Buckling analysis of symmetrically laminated composite plates including the effect of variable pre-stress field using the Ritz method

Abstract

A buckling solution capable of accounting for prebuckling stress field heterogeneities is proposed. Oftentimes the same structural elements that restrict the out-of-plane displacement of the edges of a plate may also constrain their in-plane movements and cause heterogeneous prebuckling stress fields. The effect of these constraints and the consequent prebuckling stress field heterogeneity is vastly overlooked in the context of approximate analytical buckling solutions. The novelty of this work lies in basing the eigenvalue buckling analysis on a calculated prebuckling in-plane stress field. The in-plane stress field is determined by conducting a displacement-based linear elasticity analysis. In both elasticity and eigenvalue buckling analyses, the deformations of the anisotropic laminate were approximated using a first-order shear deformation theory.
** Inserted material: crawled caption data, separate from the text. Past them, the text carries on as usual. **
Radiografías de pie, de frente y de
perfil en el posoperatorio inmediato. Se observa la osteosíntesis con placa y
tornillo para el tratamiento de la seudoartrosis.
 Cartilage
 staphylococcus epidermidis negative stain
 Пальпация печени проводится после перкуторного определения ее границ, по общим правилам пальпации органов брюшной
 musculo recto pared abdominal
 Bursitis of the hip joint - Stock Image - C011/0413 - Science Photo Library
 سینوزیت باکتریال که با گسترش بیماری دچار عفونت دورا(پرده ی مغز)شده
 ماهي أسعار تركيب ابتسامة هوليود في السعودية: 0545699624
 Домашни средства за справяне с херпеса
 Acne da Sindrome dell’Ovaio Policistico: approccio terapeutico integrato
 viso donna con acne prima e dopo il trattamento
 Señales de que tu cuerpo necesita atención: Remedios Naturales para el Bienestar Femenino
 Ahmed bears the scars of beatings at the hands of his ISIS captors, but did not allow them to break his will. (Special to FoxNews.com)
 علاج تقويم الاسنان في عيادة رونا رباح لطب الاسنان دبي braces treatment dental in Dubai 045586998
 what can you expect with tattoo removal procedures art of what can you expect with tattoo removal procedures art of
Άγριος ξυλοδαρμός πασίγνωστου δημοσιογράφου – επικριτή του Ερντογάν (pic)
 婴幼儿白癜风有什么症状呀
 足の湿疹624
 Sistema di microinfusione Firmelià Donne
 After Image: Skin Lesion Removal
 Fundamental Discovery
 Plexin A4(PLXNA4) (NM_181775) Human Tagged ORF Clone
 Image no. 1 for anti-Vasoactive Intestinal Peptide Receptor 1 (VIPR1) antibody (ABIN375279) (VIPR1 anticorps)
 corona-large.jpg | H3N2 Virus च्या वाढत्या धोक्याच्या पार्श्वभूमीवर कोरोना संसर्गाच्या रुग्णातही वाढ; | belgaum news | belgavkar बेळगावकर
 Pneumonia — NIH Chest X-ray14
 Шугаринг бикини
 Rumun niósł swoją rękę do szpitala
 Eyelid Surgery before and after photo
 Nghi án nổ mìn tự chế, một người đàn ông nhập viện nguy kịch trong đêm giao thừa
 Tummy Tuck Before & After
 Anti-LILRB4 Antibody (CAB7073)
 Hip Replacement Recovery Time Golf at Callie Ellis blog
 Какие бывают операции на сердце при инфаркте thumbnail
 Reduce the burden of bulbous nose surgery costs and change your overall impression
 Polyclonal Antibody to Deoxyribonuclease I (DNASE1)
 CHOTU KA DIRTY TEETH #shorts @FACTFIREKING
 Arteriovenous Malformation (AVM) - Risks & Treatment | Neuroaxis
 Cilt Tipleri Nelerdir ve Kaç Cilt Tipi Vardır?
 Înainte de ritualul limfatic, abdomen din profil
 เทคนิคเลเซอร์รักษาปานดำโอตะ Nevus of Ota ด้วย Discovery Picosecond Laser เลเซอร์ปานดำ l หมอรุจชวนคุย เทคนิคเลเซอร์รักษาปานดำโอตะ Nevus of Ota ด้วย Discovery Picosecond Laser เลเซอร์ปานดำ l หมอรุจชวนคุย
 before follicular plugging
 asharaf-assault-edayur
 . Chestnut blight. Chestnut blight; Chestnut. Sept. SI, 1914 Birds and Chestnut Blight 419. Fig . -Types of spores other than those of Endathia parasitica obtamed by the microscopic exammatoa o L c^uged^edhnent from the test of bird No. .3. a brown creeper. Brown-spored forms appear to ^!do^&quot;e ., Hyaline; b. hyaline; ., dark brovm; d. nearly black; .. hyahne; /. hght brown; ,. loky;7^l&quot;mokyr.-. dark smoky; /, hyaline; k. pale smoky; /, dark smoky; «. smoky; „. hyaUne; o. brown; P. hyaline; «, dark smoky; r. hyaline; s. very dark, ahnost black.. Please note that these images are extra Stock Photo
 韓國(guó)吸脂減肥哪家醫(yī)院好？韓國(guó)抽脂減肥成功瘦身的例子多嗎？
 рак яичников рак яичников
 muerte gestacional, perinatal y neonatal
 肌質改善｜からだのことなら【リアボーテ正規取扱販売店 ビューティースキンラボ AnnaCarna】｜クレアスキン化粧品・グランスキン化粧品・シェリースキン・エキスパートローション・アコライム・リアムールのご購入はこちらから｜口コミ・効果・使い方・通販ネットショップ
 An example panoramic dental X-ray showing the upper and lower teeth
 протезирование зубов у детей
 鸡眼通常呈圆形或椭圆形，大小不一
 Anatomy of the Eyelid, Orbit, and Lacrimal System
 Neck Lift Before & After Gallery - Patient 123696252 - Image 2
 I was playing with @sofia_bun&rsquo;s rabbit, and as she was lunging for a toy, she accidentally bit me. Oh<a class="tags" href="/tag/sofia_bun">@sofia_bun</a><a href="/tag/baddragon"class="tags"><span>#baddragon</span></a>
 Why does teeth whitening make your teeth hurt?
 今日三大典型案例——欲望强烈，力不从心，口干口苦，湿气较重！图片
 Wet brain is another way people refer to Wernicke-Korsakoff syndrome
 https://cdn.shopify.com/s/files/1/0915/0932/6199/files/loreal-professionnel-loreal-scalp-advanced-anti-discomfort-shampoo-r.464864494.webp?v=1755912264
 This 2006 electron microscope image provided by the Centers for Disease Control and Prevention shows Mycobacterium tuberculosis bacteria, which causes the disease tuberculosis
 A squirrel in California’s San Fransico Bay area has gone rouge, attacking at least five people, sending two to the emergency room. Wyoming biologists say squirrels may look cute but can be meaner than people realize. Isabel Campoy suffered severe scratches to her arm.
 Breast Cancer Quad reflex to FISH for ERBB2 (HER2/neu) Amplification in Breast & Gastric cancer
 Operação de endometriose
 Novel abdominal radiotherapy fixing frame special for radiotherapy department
The equilibrium and instability equations were derived using the principle of stationary total potential energy and by employing the Ritz method. The derived formulation along with arbitrarily selected sets of boundary conditions was incorporated into a Matlab program and used for demonstrating the effect of in-plane constraints on prebuckling and buckling behavior of plates. Through a parametric study, the effect of the geometric configuration of plates on their buckling strength for selected symmetrical laminates was investigated.